● **Task brief**:
An exact copy of the listing below is required, minus its pictures.

● **Data excerpts**:
= Beginning of Section =
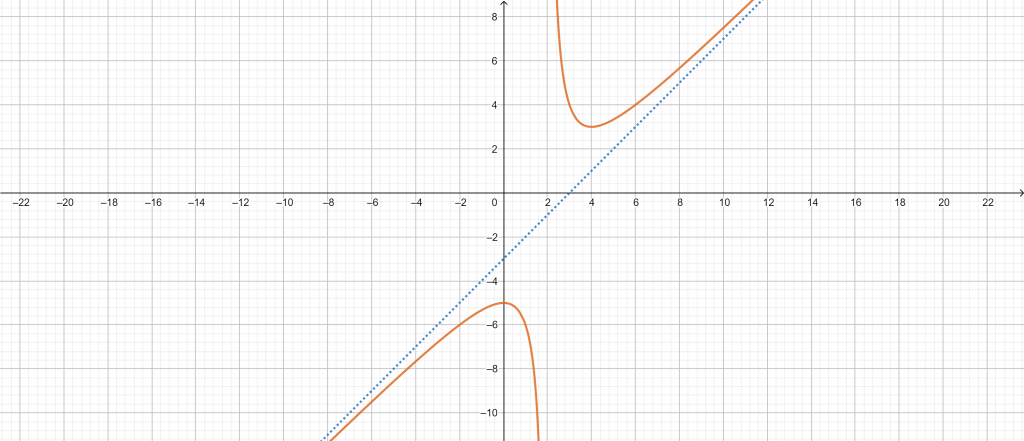 slant asymptote calculator example 1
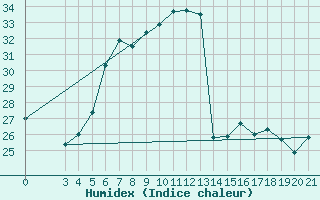 Courbe de l'humidex pour Zagreb / Maksimir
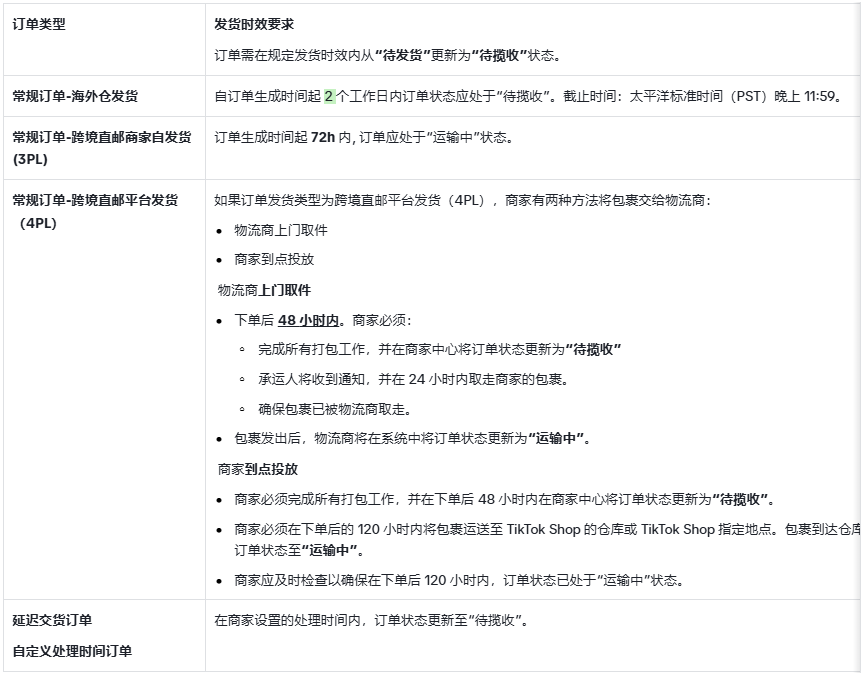 什么是延迟发货?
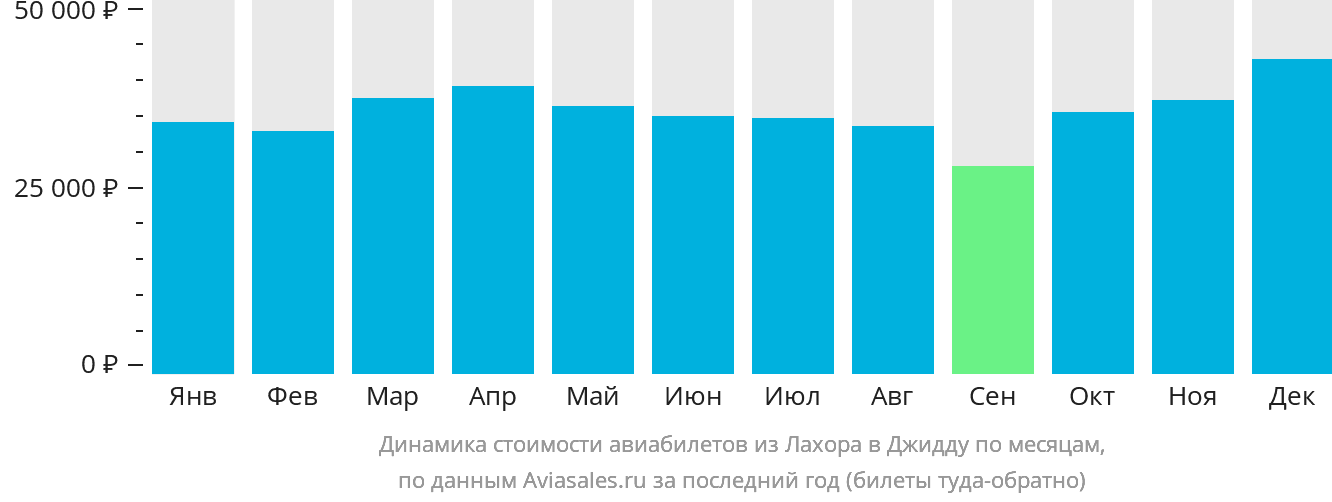 Динамика стоимости авиабилетов из Лахора в Джидду по месяцам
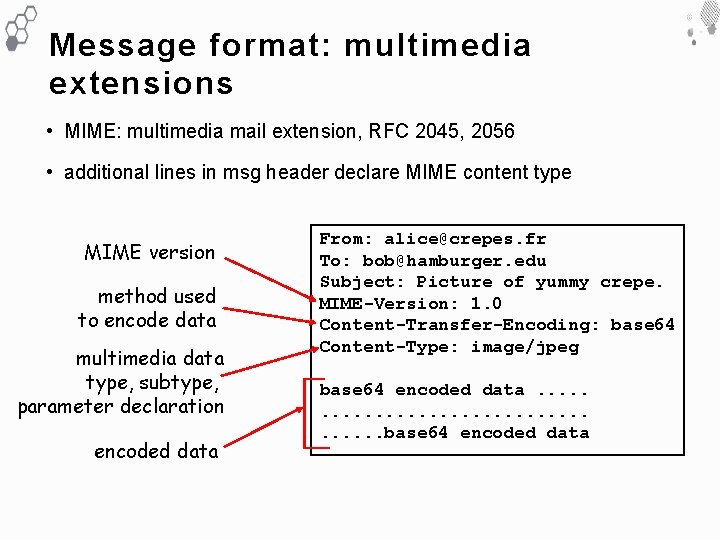 Message format: multimedia extensions • MIME: multimedia mail extension, RFC 2045, 2056 • additional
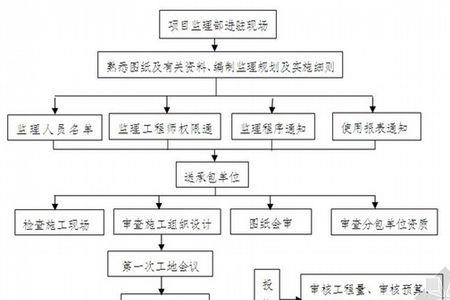 施工中监理对接哪些流程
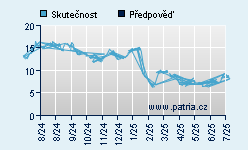 Vývoj odhadované cílové ceny a skutečné ceny titulu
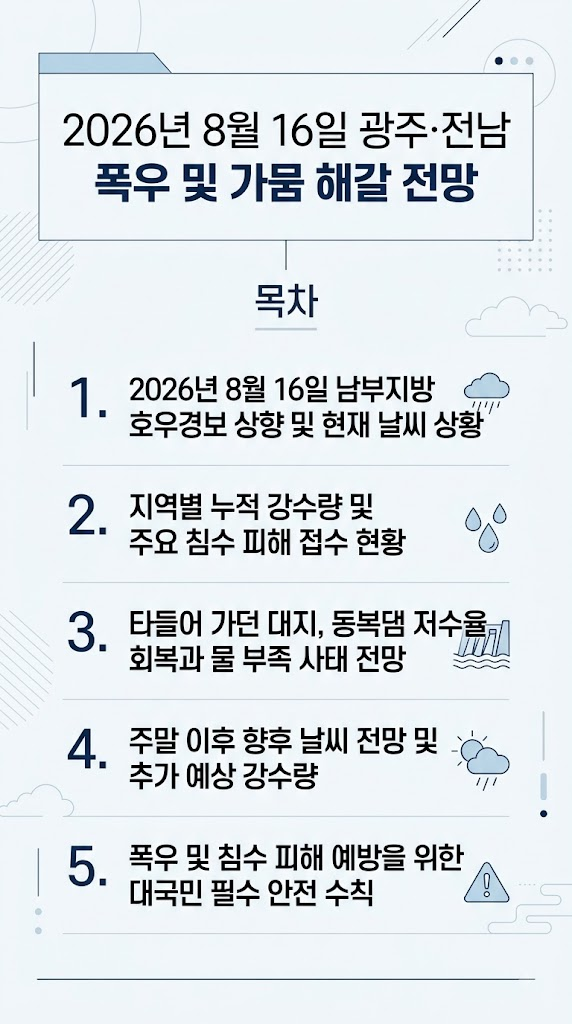 8월 16일, 전남 광주 폭우, 남부 호우경보 상향, 피해 상황 및 날씨 전망, 저수지 저수율, 가뭄 해갈 정보 총정리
= End of Section =
● **Solution to this exercise**:
 slant asymptote calculator example 1
 Courbe de l'humidex pour Zagreb / Maksimir
 什么是延迟发货?
 Динамика стоимости авиабилетов из Лахора в Джидду по месяцам
 Message format: multimedia extensions • MIME: multimedia mail extension, RFC 2045, 2056 • additional
 施工中监理对接哪些流程
 Vývoj odhadované cílové ceny a skutečné ceny titulu
 8월 16일, 전남 광주 폭우, 남부 호우경보 상향, 피해 상황 및 날씨 전망, 저수지 저수율, 가뭄 해갈 정보 총정리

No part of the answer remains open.